Pathway of aromatic amino acid biosynthesis. PPP, pentose phosphate pathway; E4P, erythrose 4-phosphate; PEP, phosphoenolpyruvate; DAHPS, DAHP synthase; DAHP, 3-Deoxy-D-arabinoheptulosonate 7-phosphate; DHQS, 3-dehydroquinate synthase; DHQ, 3-dehydroquinate; DHQD, 3-dehydroquinate dehydratase; 3-DHS, 3-dehydroshikimate; SDH, shikimate 5-dehydrogenase; SKM, shikimate; SK, shikimate kinase; S3P, shikimate 3-phosphate; EPSPS, 5-enolpyruvylshikimate 3-phosphate synthase; EPSP, 5-enolpyruvylshikimate-3-phosphate; CS, chorismate synthase; CHO, chorismate; CM, chorismate mutase; PHA, prephenate; PDH, prephenate dehydrogenase; 4-HPP, 4-hydroxyphenylpyruvate; AT, aminotransferase; PDT, prephenate dehydratase; PPY, phenylpyruvate; AS, anthranilate synthase; ANTH, anthranilate; PAT, phosphoribosylanthranilate transferase; PA, phosphoribosylanthranilate; PAI, phosphoribosylanthranilate isomerase; CDRP, l-(O-carboxyphenylamino)-l-deoxyribulose-5-phosphate; IGPS, indole-3-glycerol phosphate synthase; IGP, indole-3-glycerol phosphate; TS, tryptophan synthase; ID, indole.
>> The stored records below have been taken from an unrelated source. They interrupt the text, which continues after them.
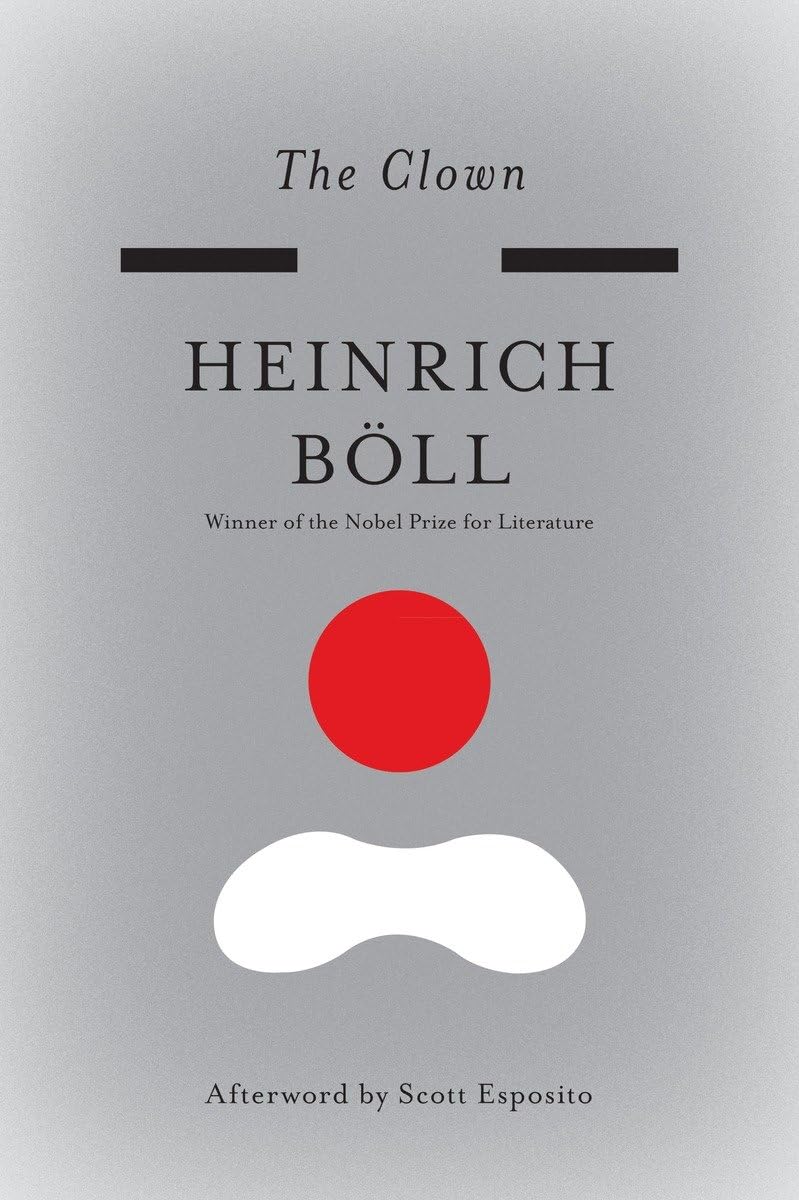 The Clown (The Essential Heinrich Boll)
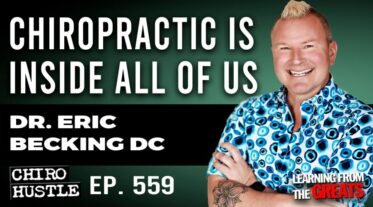 Chiro Hustle Podcast 559- Dr. Eric Becking DC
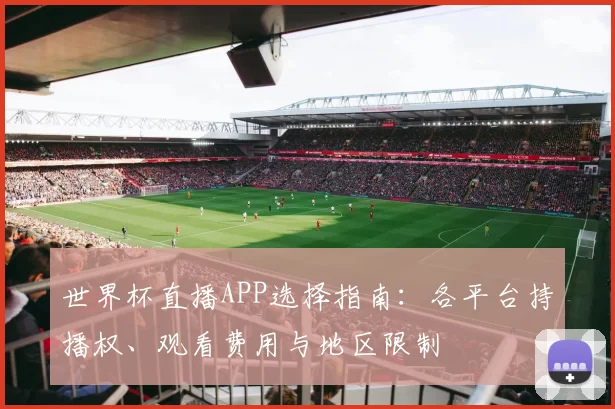 世界杯直播APP选择指南：各平台持播权、观看费用与地区限制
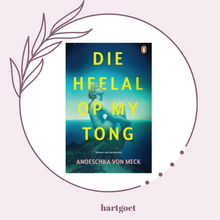 Load image into Gallery viewer, Die heelal op my tong - Anoeschka von Meck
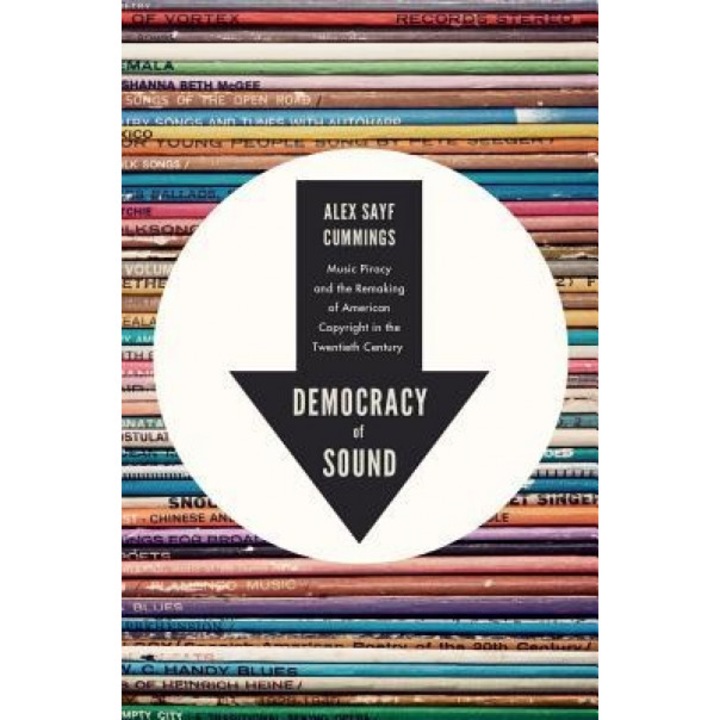 Democracy of Sound: Music Piracy and the Remaking of American Copyright in the Twentieth Century, Alex Sayf Cummings (Author)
Solid lines indicate a single step; dotted lines indicate multiple steps.

FIGURE 2

Biosynthesis of different aromatic compounds derived from the extended shikimate pathway. DHQS, 3-dehydroquinate synthase; DHQD, 3-dehydroquinate dehydratase; 3-DHSD, 3-dehydroshikimate dehydratase; CAR, carboxylic acid reductase; PCAD, protocatechuic acid decarboxylase; O-MT, O-methyltransferase; ICS, isochorismate synthase; CHOPL, chorismate pyruvate lyase; IPL, isochorismate pyruvate lyase; 4-HBAH, 4-hydroxybenzoic acid hydroxylase; CM, chorismate mutase; KDC, phenylpyruvate decarboxylase; ADH, alcohol dehydrogenase; PAL, phenylalanine ammonia lyase; C4H, cinnamate 4-hydroxylase; TAL, tyrosine ammonia lyase; FCS, feruloyl-CoA synthetase; ECH, feruloyl-CoA hydratase/lyase; C3H, p-coumarate 3-hydroxylase; AT, aminotransaminase. Solid lines indicate a single step; dotted lines indicate multiple steps.